Copy the data below exactly, omitting any picture it contains.

[SUPPLIED INFORMATION]
BEGIN
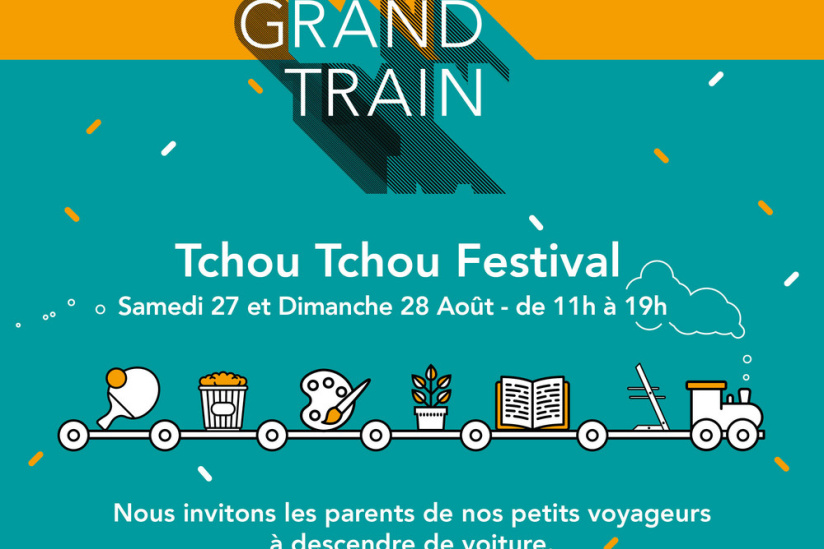 Tchou Tchou, le festival pour enfants chez Grand Train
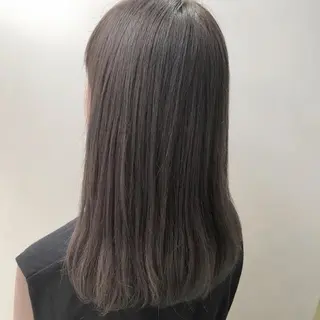 ロング カラー クニサダ トウアのヘアスタイル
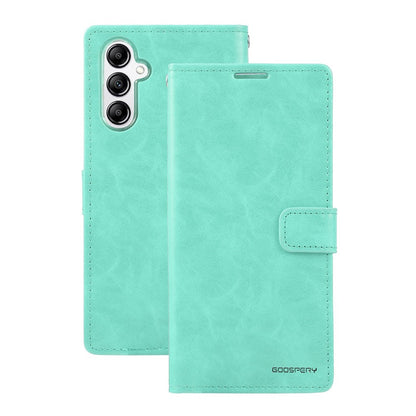 Blue Moon Diary Cover Case for Samsung Galaxy A35 5G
END
[RESULT FOR THIS TASK]
 Tchou Tchou, le festival pour enfants chez Grand Train
 ロング カラー クニサダ トウアのヘアスタイル
 Blue Moon Diary Cover Case for Samsung Galaxy A35 5G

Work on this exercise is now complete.